Hadoop cluster. 2 Fast, 4 Medium, 8 slower machines

clusterhadoophardware

We're going to purchase some new hardware to use just for a Hadoop cluster and we're stuck on what we should purchase. Say we have a budget of $5k should we buy two super nice machines at $2500/each, four at around $1200/each or eight at around $600 each? Will hadoop work better with more slower machines or fewest much faster machines? Or, as like most things "it depends"? 🙂

Best Answer

If you can I would look at utilizing Cloud Infrastructure Services like Amazon Web Services (AWS) Elastic Compute Cloud (EC2), at least until you determine that it makes sense to invest in your own hardware. It's easy to get caught up in buying the shiny gear (I have to resist daily). By trying before you buy in the cloud you can learn a lot and answer the question: Does my companies software X or map/reduce framework against this data set best match a small, medium, or large set of server(s). I ran a number of combination's on AWS, scaling up, down, in, and out for pennies on the dollar within a few days. We were so happy with our testing that we decided to stay with AWS and forgo buying a large cluster of machines that we have to cool, power, maintain, etcetera. Instance types range from:

Standard Instances

  • Small Instance (Default) 1.7 GB of memory, 1 EC2 Compute Unit (1 virtual core with 1 EC2 Compute Unit), 160 GB of instance storage, 32-bit platform
  • Large Instance 7.5 GB of memory, 4 EC2 Compute Units (2 virtual cores with 2 EC2 Compute Units each), 850 GB of instance storage, 64-bit platform
  • Extra Large Instance 15 GB of memory, 8 EC2 Compute Units (4 virtual cores with 2 EC2 Compute Units each), 1690 GB of instance storage, 64-bit platform

High-CPU Instances

  • High-CPU Medium Instance 1.7 GB of memory, 5 EC2 Compute Units (2 virtual cores with 2.5 EC2 Compute Units each), 350 GB of instance storage, 32-bit platform

  • High-CPU Extra Large Instance 7 GB of memory, 20 EC2 Compute Units (8 virtual cores with 2.5 EC2 Compute Units each), 1690 GB of instance storage, 64-bit platform

EC2 Compute Unit (ECU) – One EC2 Compute Unit (ECU) provides the equivalent CPU capacity of a 1.0-1.2 GHz 2007 Opteron or 2007 Xeon processor.

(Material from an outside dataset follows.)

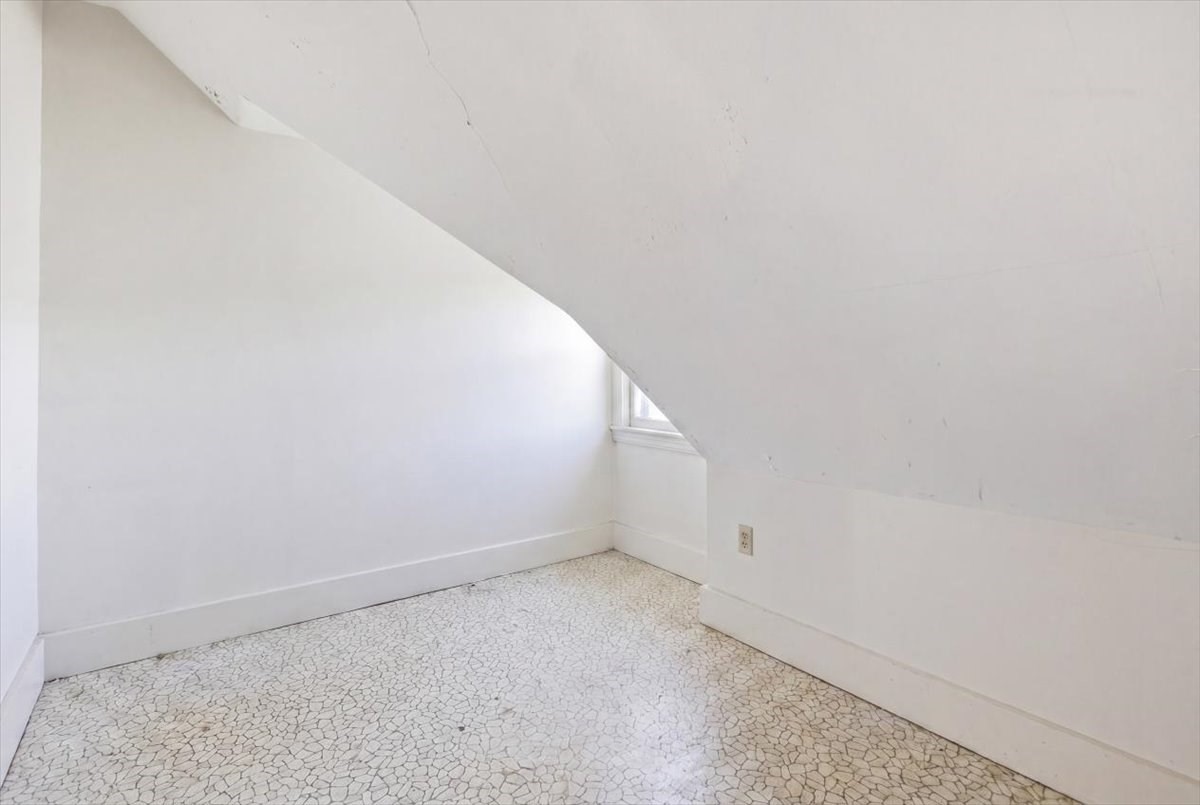 25-27 Parsons St Property Photo 22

Standard On-Demand Instances Linux/UNIX Usage Windows Usage
Small (Default) $0.10 per hour $0.125 per hour
Large $0.40 per hour $0.50 per hour
Extra Large $0.80 per hour $1.00 per hour

High CPU On-Demand Instances Linux/UNIX Usage Windows Usage
Medium $0.20 per hour $0.30 per hour
Extra Large $0.80 per hour $1.20 per hour

Sorry to make an answer sound like a vendor pitch, but if your environment allows you to go this route, I think you'll be happy and make a much better purchase decision should you buy your own hardware in the future.